Soputstvuyushtaya therapy
In Adult tablets use, capsules and oral solution Kaletra in combination with omeprazole and ranitidine does not require dose adjustments.
In combination with efavirenz, nevirapine, amprenavir, nelfinavir pill Kaletra can be used at a dose of 400/100 mg (2 tab.) 2 times / day dose without correction.
If you expect a decrease in sensitivity to lopinavir (Based on the anamnesis data or laboratory), then increasing the dose is recommended, while the use of the drug efavirenz or nevirapine to 533/133 mg (4 caps. or 6.5 ml oral solution).
In an application with efavirenz, nevirapine, amprenavir, nelfinavir drug Kaletra should not be administered 1 time / day.
If children from 6 Months before 12 years weighing from 7 to 15 kg It expected to decrease in sensitivity to lopinavir (Based on the anamnesis data or laboratory), then the solution increase in dose is recommended, while the use efavirenz or nevirapine for ingestion to 13/3.25 mg / kg 2 times / day; weighing from 15 to 45 kg recommended dose increase to 11 / 2.75 mg / kg 2 times / day; weighing ≥ 45 kg maximum dose should not exceed 533/133 mg / kg 2 times / day.
Table calculation Kaletra dose oral solution depending on the body weight of the drug when used in combination with nevirapine efvirenzom or children.
| Body Weight (kg) | Dose (mg / kg)* | Volume oral solution (80 mg lopinavir / 20 mg ritonavir in 1 ml) |
| 7-15 kg | 13 mg / kg 2 times / day | |
| 7-10 kg | 1.5 ml 2 times / day | |
| 10-15 kg | 2 ml 2 times / day | |
| 15-45 kg | 11 mg / kg 2 times / day | |
| 15-20 kg | 2.5 ml 2 times / day | |
| 20-25 kg | 3.25 ml 2 times / day | |
| 25-30 kg | 4 ml 2 times / day | |
| 30-35 kg | 4.5 ml 2 times / day | |
| 35-40 kg | 5 ml 2 times / day | |
| 40-45 kg | 5.75 ml 2 times / day | |
| ≥45 kg | Adult dose ** | 6.5 ml (4 caps.) 2 times / day |
*dose is selected taking into account the content of lopinavir in lopinavir / ritonavir solution (80/20 mg / ml).
** children over the age of 12 s dosing recommendations correspond to those in adults.
Side effect
Most often in patients, prinimavshih lopinavir / ritonavir, diarrhea was observed and mild to moderate severity.
More than 2% Adult patients had the following moderately pronounced and serious side effects.
From the digestive system: abdominal pain, diarrhea, dysphagia, dyspepsia, flatulence, vomiting, nausea.
From the central and peripheral nervous system: insomnia, headache, depression, paresthesia.
Cardio-vascular system: arterial hypertension, vascular disorders.

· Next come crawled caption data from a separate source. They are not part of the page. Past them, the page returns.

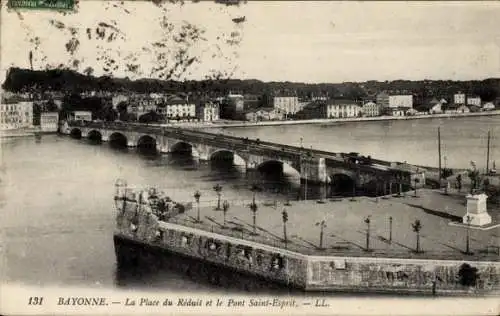 Ak Bayonne Pyrénées Atlantiques, Place de Reduit, Pont Saint-Esprit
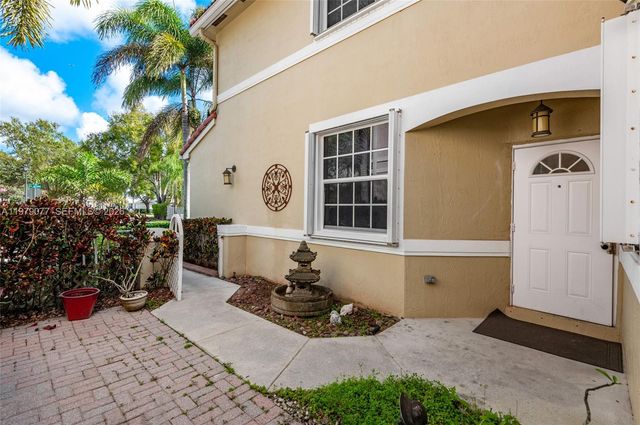 15048 SW 51st St, Davie, FL 33331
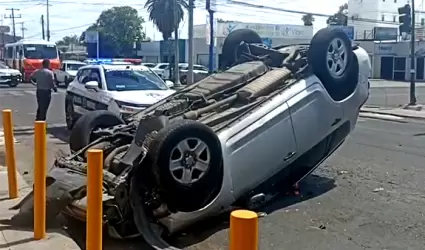 Triple choque en cruce de la calle Revolucin y la avenida Veracruz.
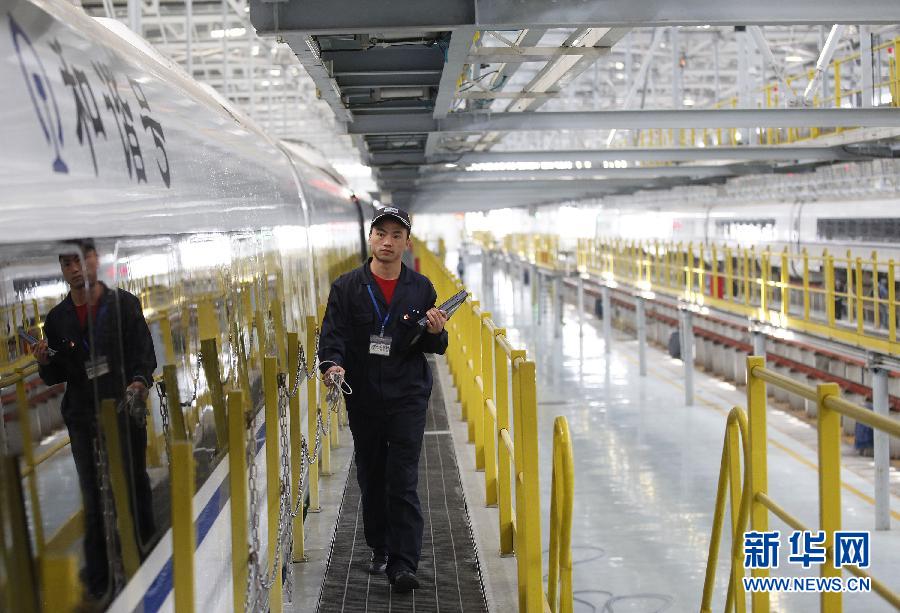 新春走基層 “動車神醫”張金發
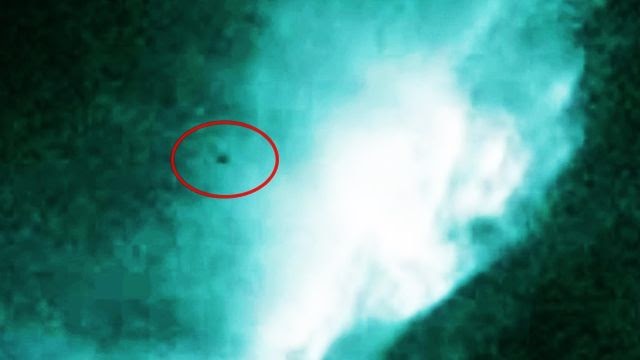 Огромный черный объект стал виден во время солнечной вспышки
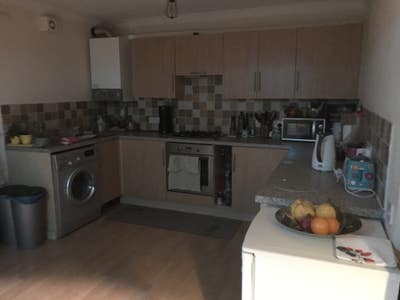 Double room/flat, 1-6 wks (1 Sept-10 Nov) Main Photo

The respiratory system: bronchitis.
On the part of the endocrine system: male hypogonadism, amenorrhea.
Metabolism: anorexia, weight loss.
On the part of the musculoskeletal system: myalgia.

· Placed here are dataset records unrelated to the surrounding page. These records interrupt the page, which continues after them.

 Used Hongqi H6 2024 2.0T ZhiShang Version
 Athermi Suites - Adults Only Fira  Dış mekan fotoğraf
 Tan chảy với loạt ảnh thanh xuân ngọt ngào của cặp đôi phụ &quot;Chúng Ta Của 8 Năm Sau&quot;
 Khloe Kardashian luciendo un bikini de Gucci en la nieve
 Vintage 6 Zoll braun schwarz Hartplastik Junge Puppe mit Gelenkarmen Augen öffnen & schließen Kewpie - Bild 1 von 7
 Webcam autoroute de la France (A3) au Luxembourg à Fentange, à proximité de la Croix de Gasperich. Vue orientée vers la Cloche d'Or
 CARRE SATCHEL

On the part of the reproductive system: decreased libido.
Skin and subcutaneous fat: lipodystrophy, skin rash.
Other: asthenia, fever, chills.
Side effects, observed in less than 2% adult patients (connection with the use of Kaletra has not been established).

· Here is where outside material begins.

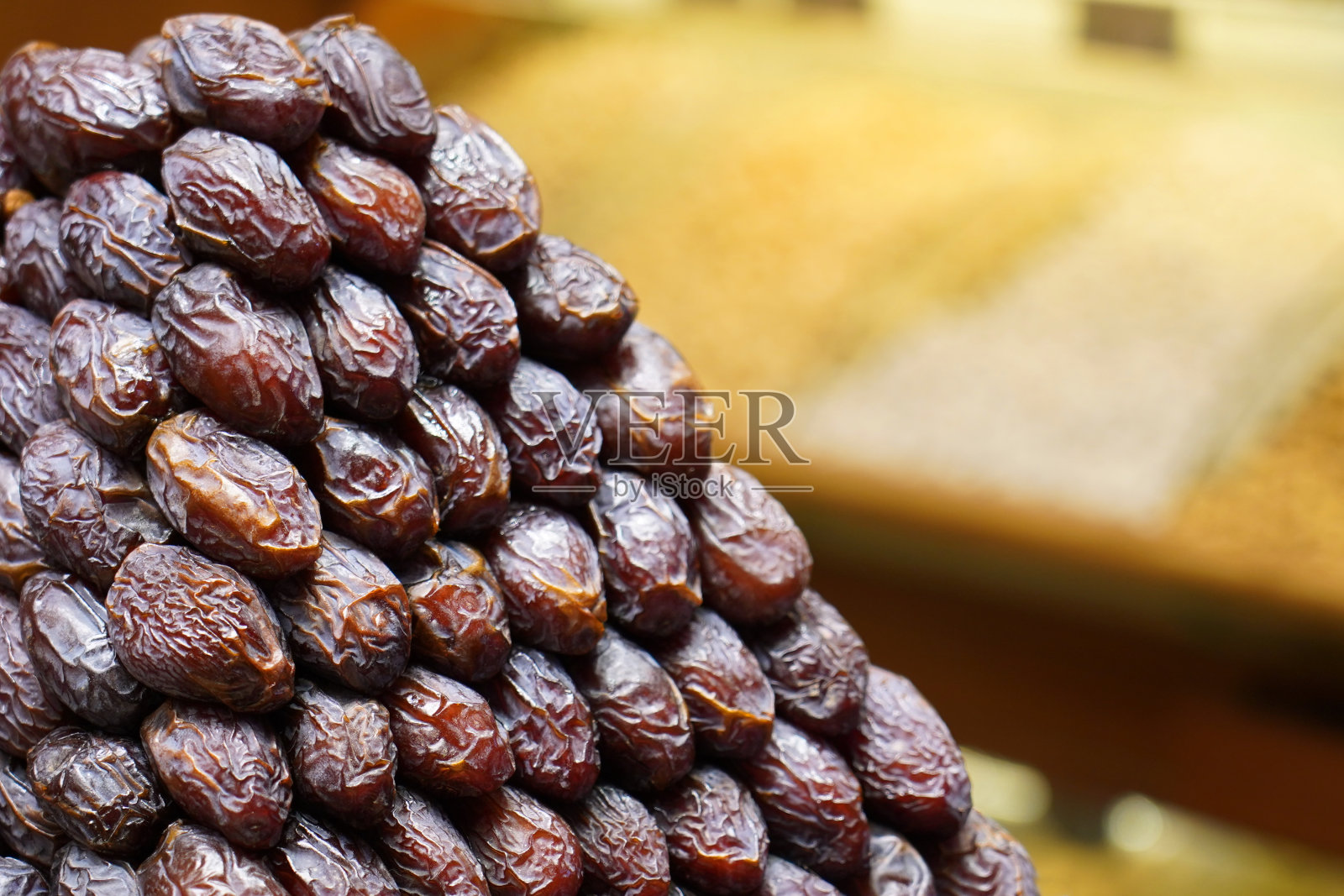 巴扎摊位上堆叠的枣椰果照片摄影图片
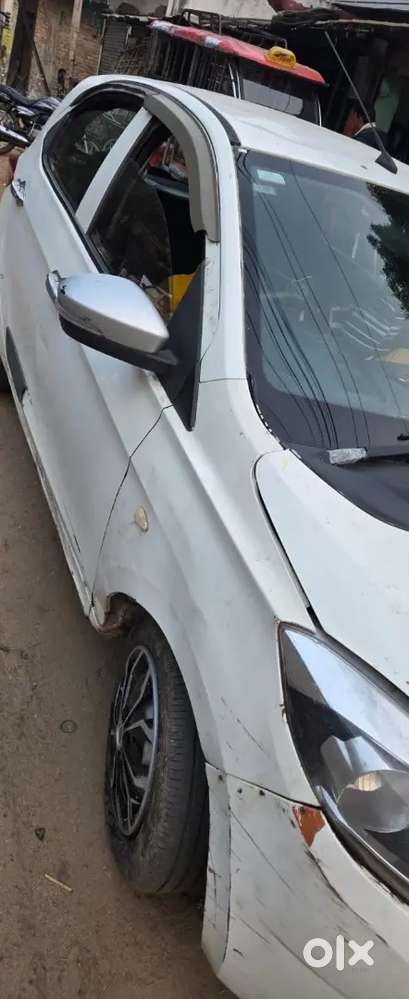 Tata Tiago 2017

From the digestive system: gastritis, gastroenteritis, gemorragicheskiy colitis, constipation, scatacratia, belching, pancreatitis, periodontitis, sialadenitis, stomatitis, dry mouth, kholangit, cholecystitis, esophagitis, enteritis, enterocolitis, ulcerative stomatitis, hepatitis, gepatomegaliya, fat deposits in the liver, liver tenderness, jaundice.
The respiratory system: breathlessness, increased cough, pulmonary edema, rhinitis, sinusitis, pharyngitis, bronchial asthma.
From the central and peripheral nervous system: dizziness, dyskinesias, stroke, migraine, taste disturbances, disturbances of thought processes, amnesia, apathy, ataxia, sleep disorders, neuropathies, nervousness, peripheral neuritis, drowsiness, convulsions, tremor, emotional lability, encephalopathy, ažitaciâ, confusion, alarm, extrapyramidal syndrome, Bell's paralysis, Muscle hypertonicity.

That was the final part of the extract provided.